Cuando se le preguntó por las anotaciones con cifras terminadas en cero que tenía en un listado con abreviaturas de nombres, dijo que "levantaba quiniela", lo cual el juez calificó como mendaz. "Es sabido que un registro de quiniela consta al menos de tres datos numéricos en cada caso: ubicación, monto de la apuesta y números apostados, y respecto de estos últimos no es concebible que en el dígito predomine el cero…", dijo Peralta.
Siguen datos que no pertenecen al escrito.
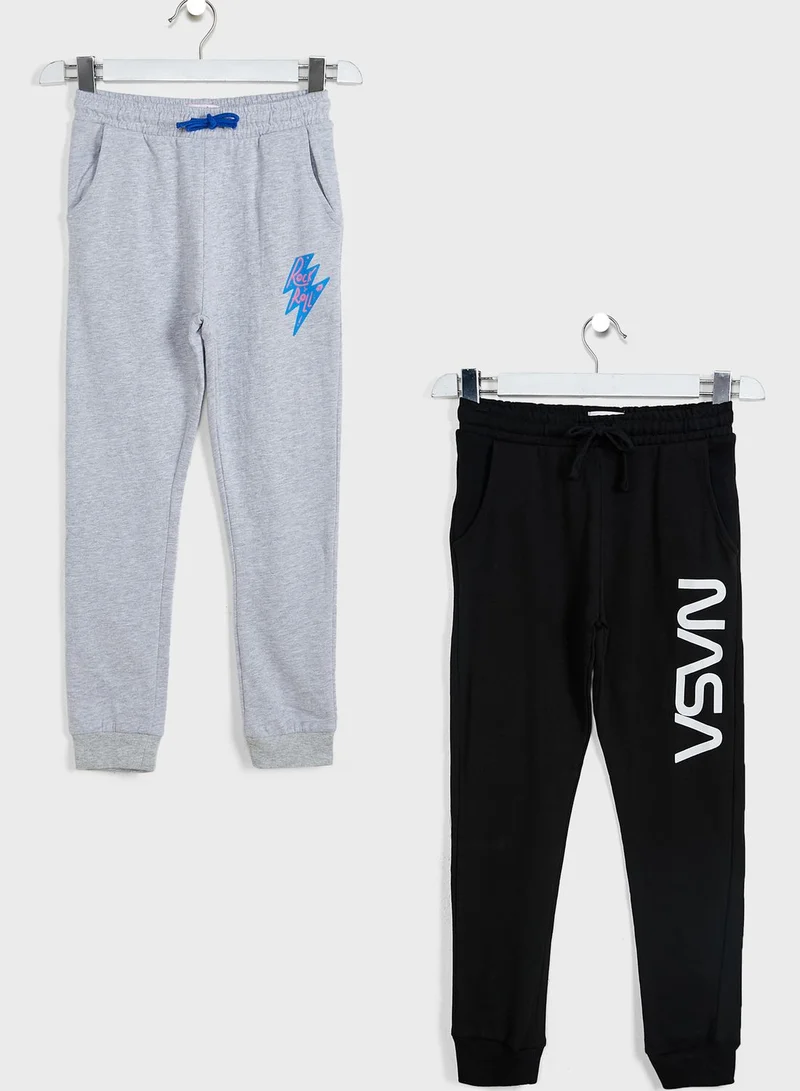 Pinata 2 Pack Winter Joggers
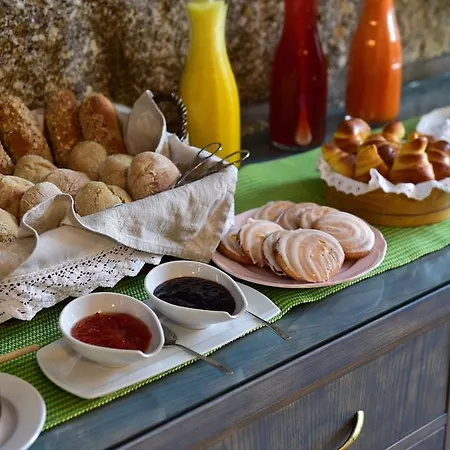 Hotel Solar Egas Moniz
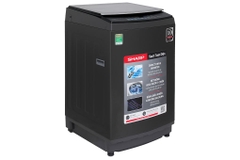 Máy giặt Sharp 15 kg ES-TM150CD-DS lồng đứng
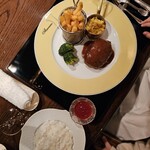 あざみ野うかい亭 - 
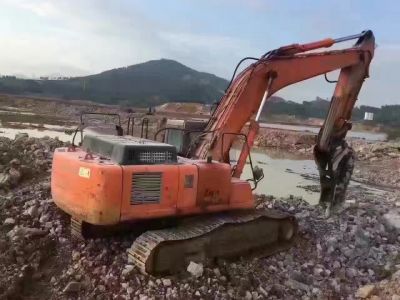 450-6履带式挖掘机出租
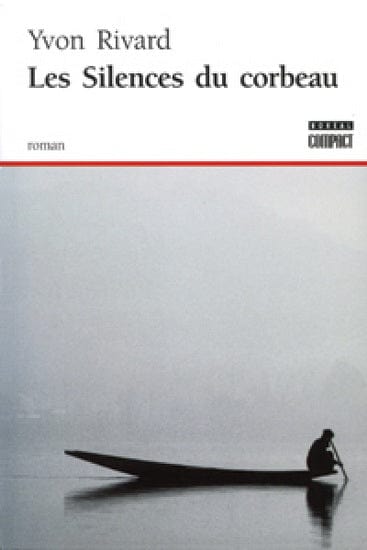 Les Silences du corbeau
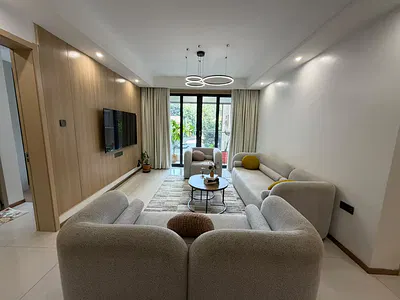 Premium 1 & 2 Bedroom Apartments — Westlands, Nairobi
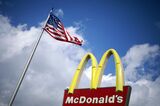 McDonald's Locations Ahead Of Earnings Figures 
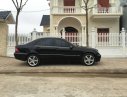 Mercedes-Benz C class C240 Avantgarde 2004 - Bán Mercedes C240 Avantgarde đời 2004, màu đen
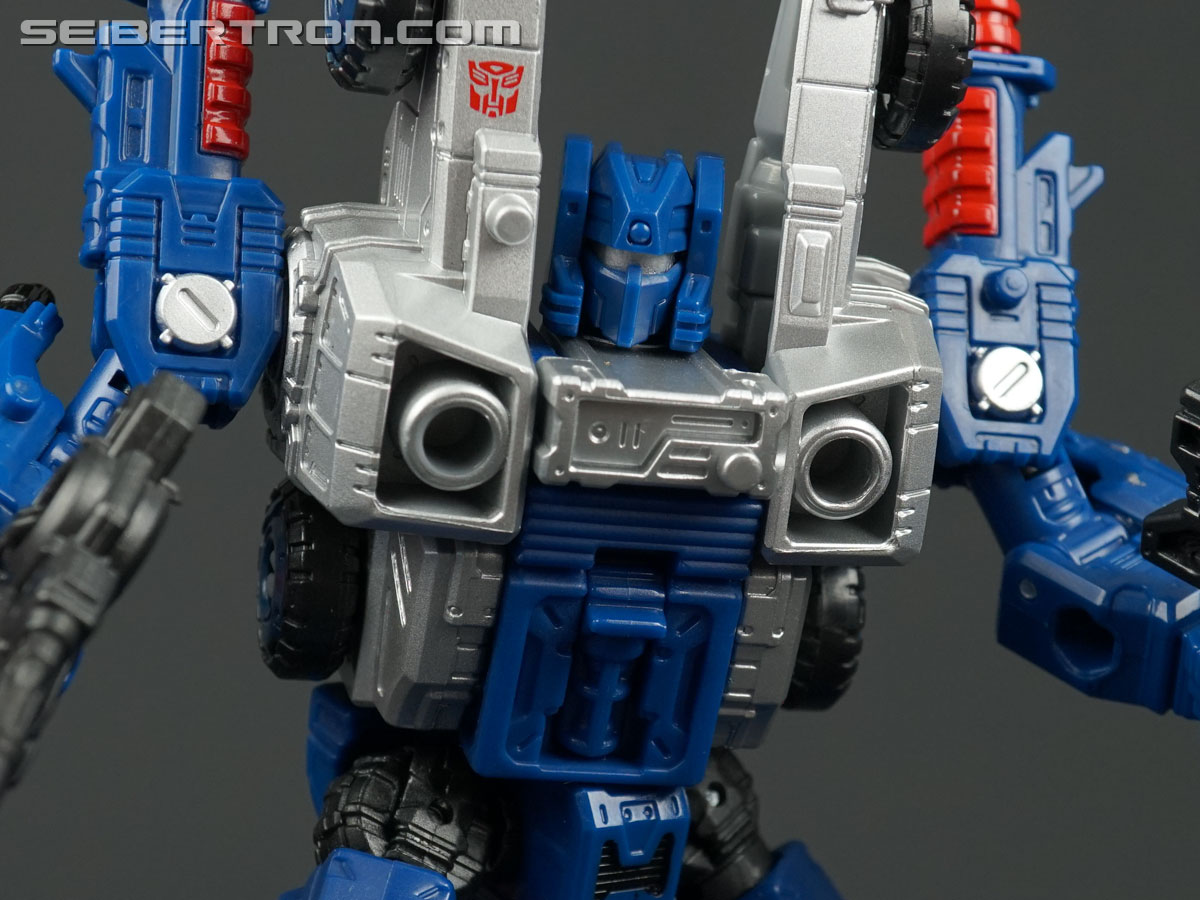 Transformers War for Cybertron: SIEGE Cog (Image #110 of 213)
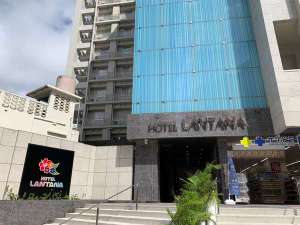 【那覇の人気ビジネスホテル】ホテルランタナ那覇国際通り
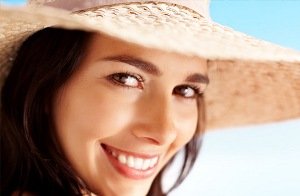 توصیه هایی برای مراقبت از پوست در آفتاب تابستان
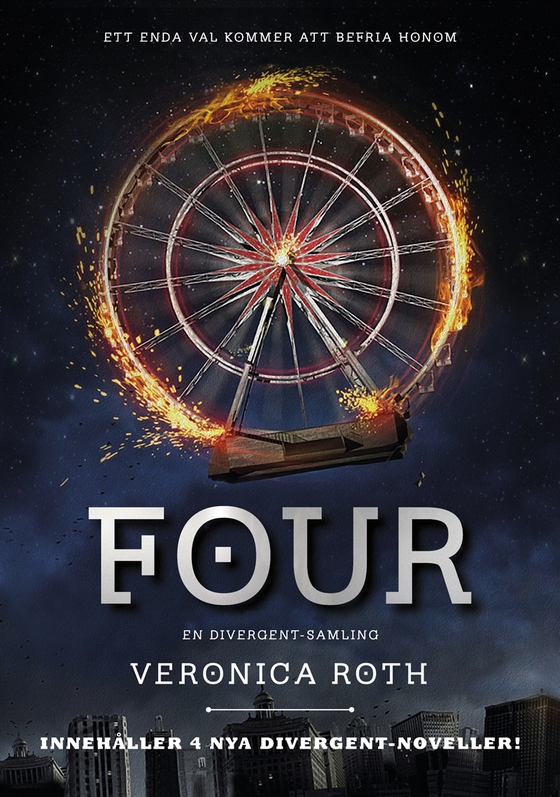 Four (En Divergent-samling)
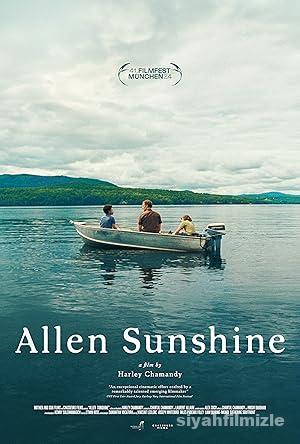 Allen Sunshine 2024 izle
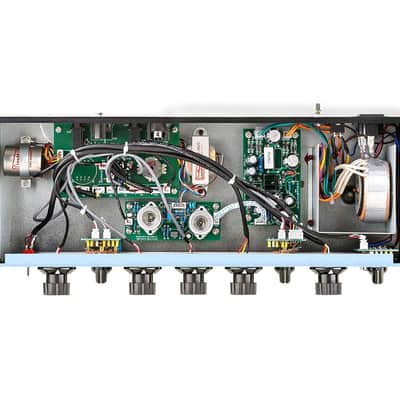 Warm Audio EQP-WA Tube Equalizer image 7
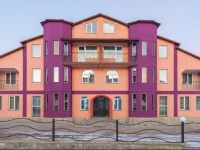 Like Hotel bakuriani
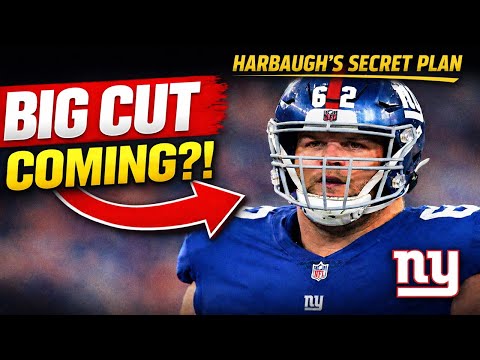 Fuentes: Los Gigantes preparan un GRAN recorte para conseguir una estrella de élite en la línea o...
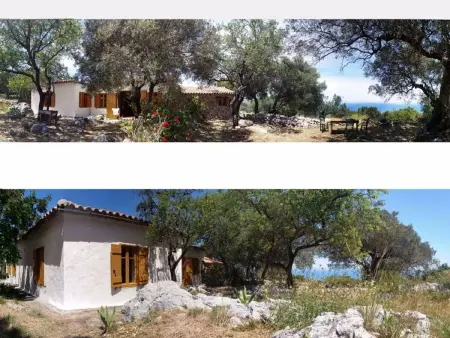 Location Maison à Askos 4 personnes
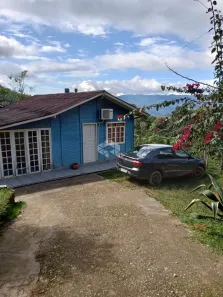 Fazenda/Sítio com 2 Quartos à venda, 7000m² no Área Rural, Águas Mornas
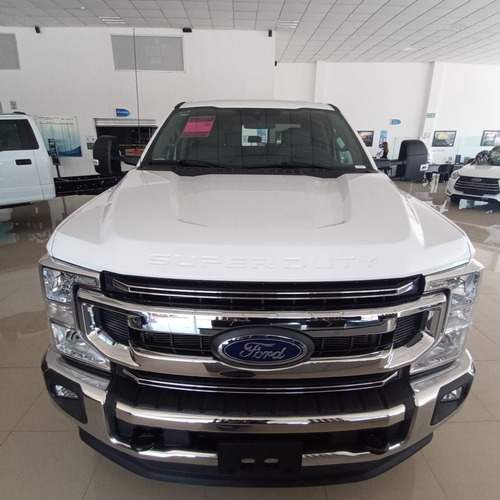 Imagen 4 de 12 de Ford F250 Super Duty 2022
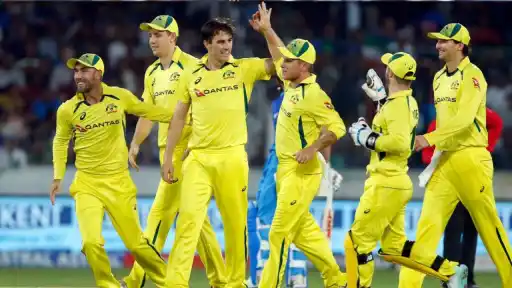 Pat Cummins Mitchell Starc Josh Hazlewood could miss IPL 2027 due to Ashes WTC Final and World Cup schedule
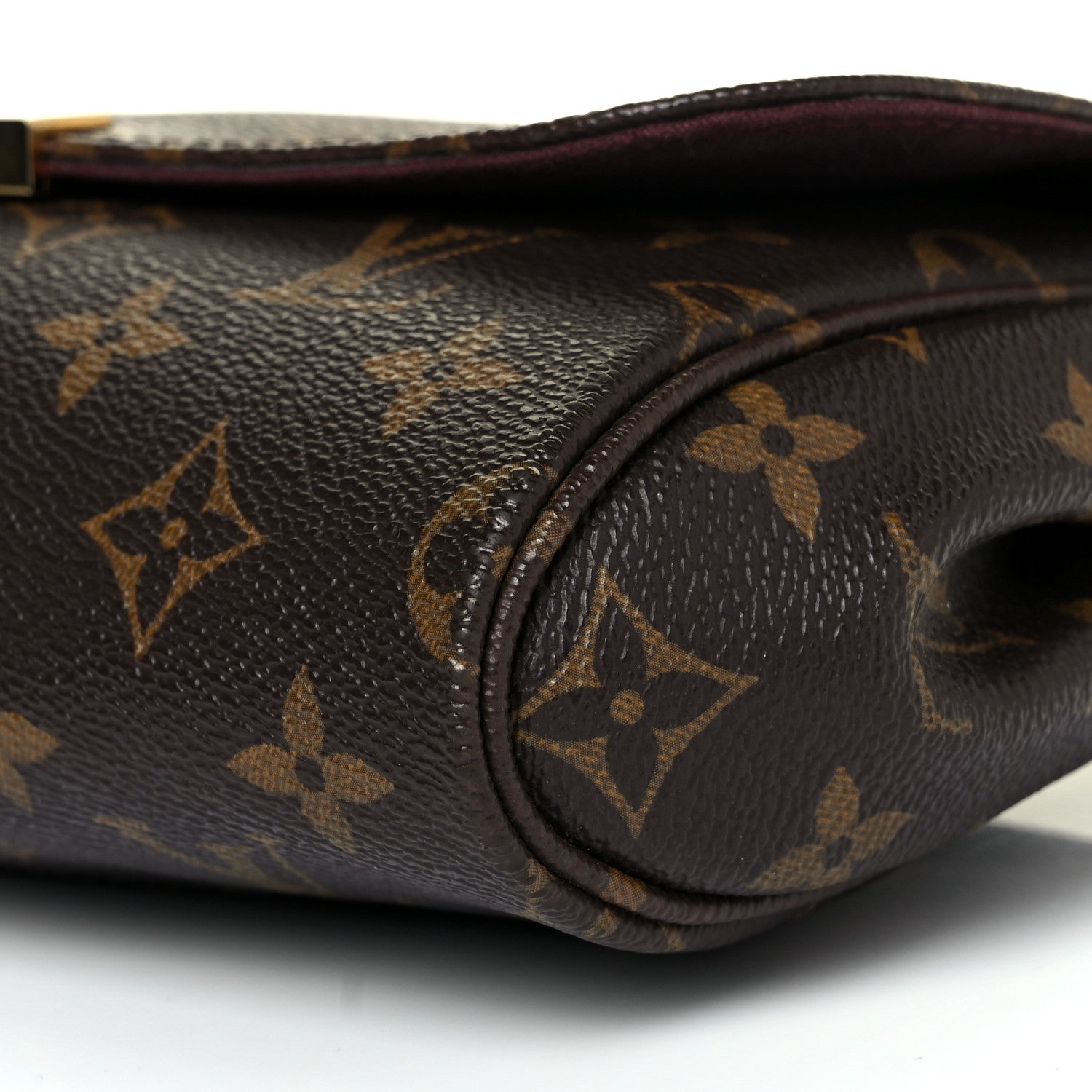 Louis Vuitton Monogram Favorite MM 9 of 9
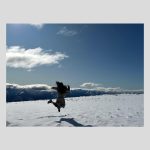 Kim You-jung Instagram - 가을과 겨울 속 Hej!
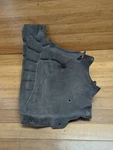 2017-2023 Audi Q7 Front Right Rearward Fender Liner Oem 4m0821192h. Fixed Price $73.70.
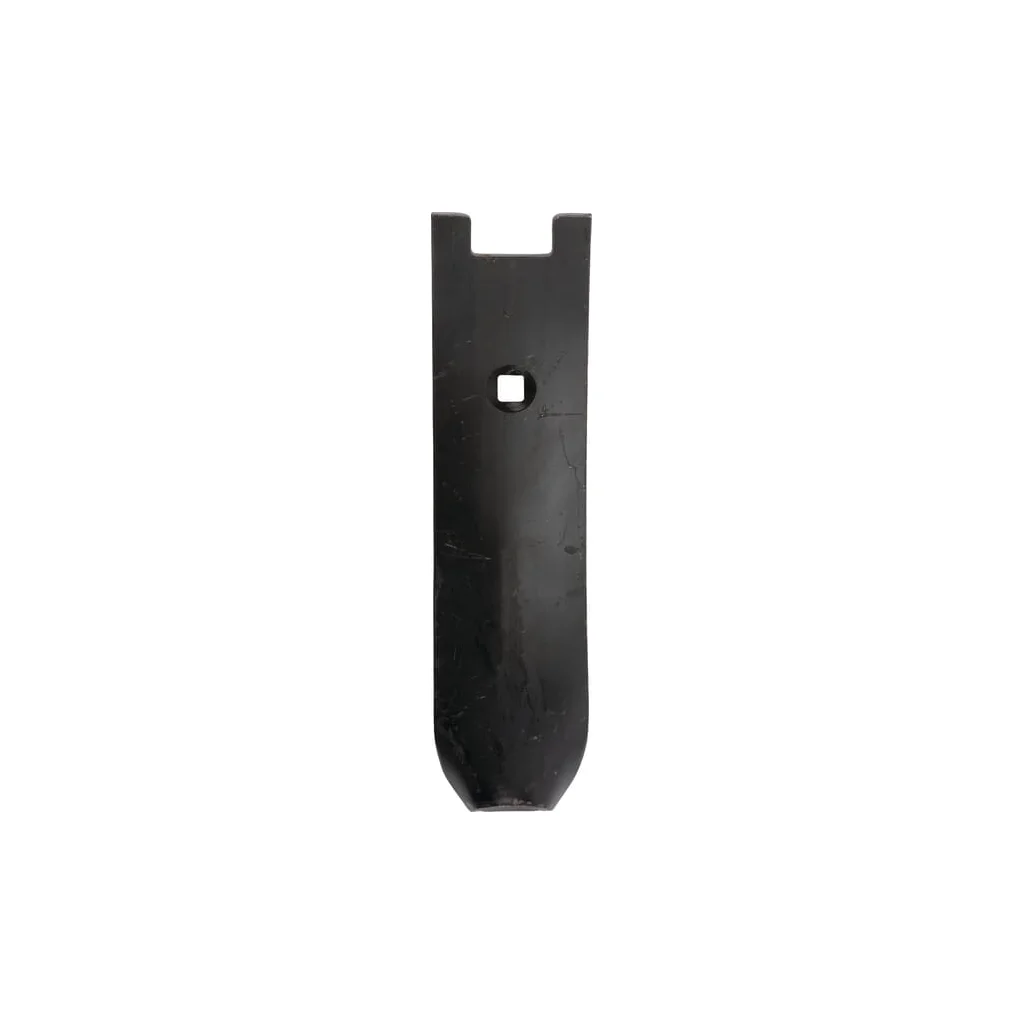 [AMAT2-222955] Tablă de ghidare centrală 290x80x8mm curbată 1 orificiu potrivită pentru Kerner 92345N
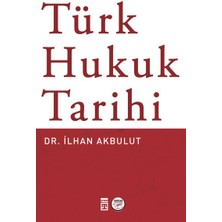 Aesco Türk Hukuk Tarihi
Era obvio que la droga era para vender, y la lista, de clientes.
Fue por eso que los jueces por unanimidad decidieron condenar a Tulio Sebastián Frumboli por los delitos de "tenencia de estupefacientes con fines de comercialización, en concurso real con portación de arma de guerra, atenuada por tratarse de un tenedor autorizado de la misma, a la pena de cuatro años y seis meses de prisión y doscientos veinticinco pesos de multa".
Quizá sea un problema menos, dice la gente. Quizá sea necesario propalar que no está el mapa del narcotráfico de la ciudad sumergido en la simple y llana impunidad. Quizá sea necesario destacar que, con casi ningún elemento, sigue habiendo quienes intentan llevar adelante una causa a la que solamente empuje la justicia misma. Quizá haga falta ponerlo en letras grandes y luminosas, para que la sociedad entera deje de creer que la lucha contra el tráfico de drogas es poco más que una causa perdida.